8. Mit angegriffenem Beschluss vom 7. Oktober 2016 verwarf das Schleswig-Holsteinische Oberlandesgericht die Rechtsbeschwerde als unbegründet. Dabei ließ der Senat ausdrücklich offen, ob die nach den Tarifen des Anbieters erhobenen Gesprächsgebühren unangemessen hoch seien. Die Frage der Unangemessenheit der Preise könne dahinstehen, weil die Justizvollzugsanstalt noch an den laufenden Vertrag mit dem Anbieter gebunden und nicht in der Lage sei, die Gesprächsgebühren zu senken. Das Justizministerium des Landes Schleswig-Holstein habe mehrfach Tarifanpassungen erreichen können, weitere Vertragsänderungen zu erreichen versucht und bereite derzeit eine Neuausschreibung für die Gefangenentelefonie vor.
II.
1. Mit seiner fristgerecht erhobenen Verfassungsbeschwerde wendet sich der Beschwerdeführer gegen den Beschluss des Oberlandesgerichts. Er macht eine Verletzung von Art. 5, Art. 6 und Art. 19 Abs. 4 GG sowie des Angleichungsgrundsatzes als Ausprägung des Resozialisierungsgrundsatzes geltend und wiederholt zur Begründung im Wesentlichen seinen Vortrag aus dem fachgerichtlichen Verfahren.
2. Das Land Schleswig-Holstein hält die Verfassungsbeschwerde bereits für unzulässig, jedenfalls aber für unbegründet.
a) Hinsichtlich der die Art. 5, Art. 6 und Art. 19 Abs. 4 GG betreffenden Rügen sei bereits nicht ersichtlich, inwiefern diese Rechte im vorliegenden Fall betroffen sein könnten.
b) Eine Verletzung des Angleichungsgrundsatzes liege nicht vor. Vor dem Abschluss des Vertrages mit dem Anbieter habe das Justizministerium ein Vergabeverfahren durchgeführt, im Rahmen dessen lediglich ein Angebot eingegangen sei.

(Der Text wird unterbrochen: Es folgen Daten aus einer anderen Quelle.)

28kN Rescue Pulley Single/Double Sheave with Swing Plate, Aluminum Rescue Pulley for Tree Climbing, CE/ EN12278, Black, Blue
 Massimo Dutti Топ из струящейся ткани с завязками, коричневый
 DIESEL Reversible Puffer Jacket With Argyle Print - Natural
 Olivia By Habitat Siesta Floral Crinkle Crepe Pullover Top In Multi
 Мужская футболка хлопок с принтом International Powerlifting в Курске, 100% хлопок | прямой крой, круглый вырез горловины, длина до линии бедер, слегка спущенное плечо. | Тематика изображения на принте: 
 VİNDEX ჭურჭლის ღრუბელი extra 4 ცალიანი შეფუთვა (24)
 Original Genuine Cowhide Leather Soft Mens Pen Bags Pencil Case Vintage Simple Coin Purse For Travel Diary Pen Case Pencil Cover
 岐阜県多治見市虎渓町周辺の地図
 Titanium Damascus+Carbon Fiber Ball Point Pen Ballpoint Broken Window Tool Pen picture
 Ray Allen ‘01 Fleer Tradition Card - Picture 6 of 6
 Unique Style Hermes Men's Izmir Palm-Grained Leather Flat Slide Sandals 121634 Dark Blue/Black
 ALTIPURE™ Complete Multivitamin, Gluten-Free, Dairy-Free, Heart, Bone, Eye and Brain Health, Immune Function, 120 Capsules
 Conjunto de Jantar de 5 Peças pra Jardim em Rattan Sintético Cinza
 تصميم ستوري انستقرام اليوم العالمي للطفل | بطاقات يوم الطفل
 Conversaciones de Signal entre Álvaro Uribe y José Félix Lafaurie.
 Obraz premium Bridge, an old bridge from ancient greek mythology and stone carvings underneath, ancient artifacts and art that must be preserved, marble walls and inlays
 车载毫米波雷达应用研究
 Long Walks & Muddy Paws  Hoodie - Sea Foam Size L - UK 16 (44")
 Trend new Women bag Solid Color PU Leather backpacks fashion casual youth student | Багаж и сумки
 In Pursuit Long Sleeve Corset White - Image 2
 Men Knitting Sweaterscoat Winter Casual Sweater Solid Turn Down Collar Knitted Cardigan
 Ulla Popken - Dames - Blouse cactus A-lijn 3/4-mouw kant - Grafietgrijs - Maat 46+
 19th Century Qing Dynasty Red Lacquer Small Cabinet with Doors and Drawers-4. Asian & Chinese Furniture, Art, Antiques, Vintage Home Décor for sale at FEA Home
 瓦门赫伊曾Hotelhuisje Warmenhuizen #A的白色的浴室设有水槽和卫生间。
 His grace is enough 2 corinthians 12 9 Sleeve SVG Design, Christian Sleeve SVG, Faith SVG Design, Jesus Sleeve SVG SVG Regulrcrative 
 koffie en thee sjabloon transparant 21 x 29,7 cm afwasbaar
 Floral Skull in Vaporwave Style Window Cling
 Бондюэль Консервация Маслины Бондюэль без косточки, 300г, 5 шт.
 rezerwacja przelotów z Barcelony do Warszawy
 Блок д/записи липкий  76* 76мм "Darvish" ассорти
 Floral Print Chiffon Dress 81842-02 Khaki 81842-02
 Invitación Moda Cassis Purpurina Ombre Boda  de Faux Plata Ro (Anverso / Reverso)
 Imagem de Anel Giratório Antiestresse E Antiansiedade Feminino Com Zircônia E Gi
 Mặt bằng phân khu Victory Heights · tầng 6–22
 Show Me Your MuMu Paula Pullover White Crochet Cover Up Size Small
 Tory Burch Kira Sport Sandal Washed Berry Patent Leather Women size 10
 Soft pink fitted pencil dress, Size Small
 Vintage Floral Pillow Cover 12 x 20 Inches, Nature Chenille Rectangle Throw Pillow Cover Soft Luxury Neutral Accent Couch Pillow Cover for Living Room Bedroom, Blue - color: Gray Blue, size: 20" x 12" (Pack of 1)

Der Anbieter sei zum damaligen Zeitpunkt (im Jahr 2005) der einzige gewesen, welcher in der Lage gewesen sei, eine Telefonanlage zu installieren und zu betreuen, die über bestimmte Sicherheitsmerkmale verfügt habe. Daher sei mit ihm ein Vertrag geschlossen worden, der gegenwärtig noch Bestand habe und frühestens zum 1. Januar 2021 gekündigt werden könne. Das Land Schleswig-Holstein plane nach dem Ende der regulären Vertragslaufzeit eine Ausschreibung. Es bestehe ein Interesse daran, dass die Kosten der Telefonie für die Strafgefangenen angemessen seien; jedoch sei es nicht möglich, Tarife einseitig zugunsten der Gefangenen und zulasten des betroffenen Vertragspartners zu ändern.
3. Der Beschwerdeführer hat darauf erwidert, dass eine derartige Vertragsbindung, welche keinen Raum für Fortschritt lasse, realitätsfern sei. Es handele sich um einen Vertrag zulasten Dritter, da die Interessen der Gefangenen nicht hinreichend berücksichtigt würden.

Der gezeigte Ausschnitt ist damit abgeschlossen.